Failure to Understand Sound Economics Paralyzing Economy

Flawed economic reasoning and mythical economic fallacies, whose origins and repudiation can be traced back centuries—have nonetheless regained intellectual prominence in recent years.  An eminent agriculture secretary declares that food stamps are a prodigious economic stimulus, the Center for American Progress postulates that minimum wage laws, wait for it, create jobs, and in a possibly clandestine attempt to shame the Nobel prize in economics—NY Times columnist Paul Kurgan posits that we need a pretend alien invasion to jump start the economy.  When will this long national nightmare end?

This long train of economic abuses will charge ahead as President Obama plans to address the nation on a comprehensive “jobs” plan, which, based on previous speeches and various reports, will consist of new infrastructure spending, tax credits and direct assistance to state and local governments.  The plan will reportedly cost the Chinese, excuse me the American taxpayers more than $300 billion.

To begin to unravel the newly minted fallacies inherent in Obama’s new plan, one may simply look at the $300 billion cost.  Who pays this $300 billion?  Ben Bernanke’s printing press?  Fed pump priming invariably leads to some inflation and the new taxes necessary to pay for make-work schemes will destroy other jobs in other industries not saved or created by the president’s magic wand.  Excessive government borrowing will only continue to crowd out productive investments by the private economy.  At best, the public spending schemes divert jobs into politically self-serving and chosen industries.

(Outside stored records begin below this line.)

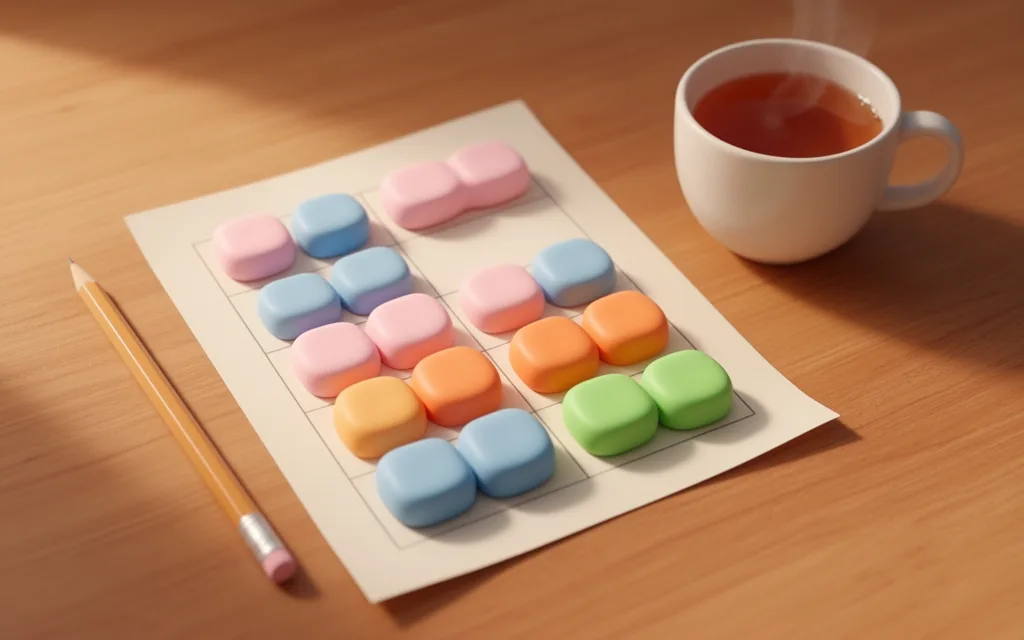 Un livret de grilles imprimé, un crayon et une tasse de thé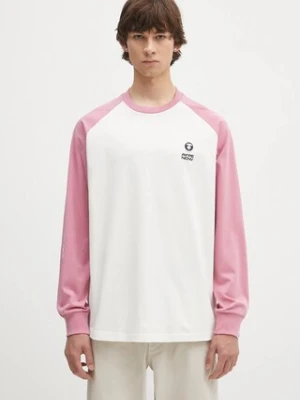 AAPE longsleeve bawełniany Now Long kolor różowy wzorzysty AAPLTM1541XXN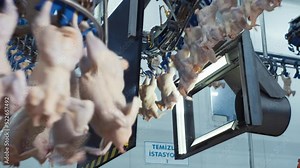 Poultry processing industry. Raw chicken meat production line. Poultry processing plant. Conveyor belt for food factory. Automatic machine in broiler meat process. Modern equipment in slaughterhouse.6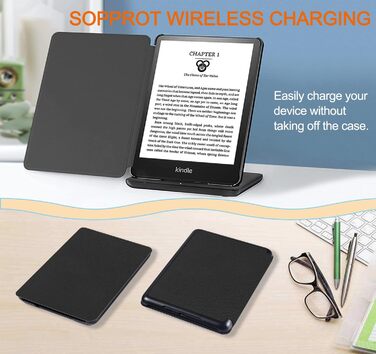 Чохол TOKILO для Kindle 6 (11-го покоління 2024/2022), м'яке PU-шкіряне покриття з авто-ввімкненням/вимкненням, чорний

Appeals to infrastructure spending have long been a staple in the rhetorical arsenal of politicians.  What could be better than a benevolent and ambitious politician serving the greater interests of the community than by building roads, bridges or schools?  Unfortunately, politicians are lousy investors (see “green jobs”) and those promised shovel-ready jobs aren’t as “shovel-ready as they expected.”  Conversely, the quickest way to unleash productive infrastructure projects would be to eliminate government regulations, such as the archaic Davis Bacon Act (1931) which artificially increases the cost of government-funded projects by mandating the prevailing union wage rate.

The president also proposes a new array of tax credits and dares Republicans to oppose him.  Politically he may be correct, but these short term tax credits have been proved ineffective in spurring job creation because employers hire individuals for at least 5 to 10 year intervals, not based on a one year advantage. The original Obama “stimulus” package included tremendous infusions of federal funds to prop up state and local government budgets and jobs.  It seems the president calls for more of the same transfers from the federal to state level, which is tantamount to Uncle Sam paying off his Visa card with his American Express.  Surely this idea is meant to prevent the highly visible effects of state and local government job losses, but these jobs are inevitably unsustainable and are draining valued resources from the private sector.

The superior ability of free markets to generate wealth stems from the fact that it allows individuals to pursue their separate interests, while effectively using widely dispersed knowledge—through the impersonal forces and discipline of prices, profits and losses.  The appeal of Keynesian economics is that it refutes many of these sound economic principles and allows for greater decision making on the part of politicians.  Only when we stop practicing Keynesian witchcraft will we awake from this economic nightmare.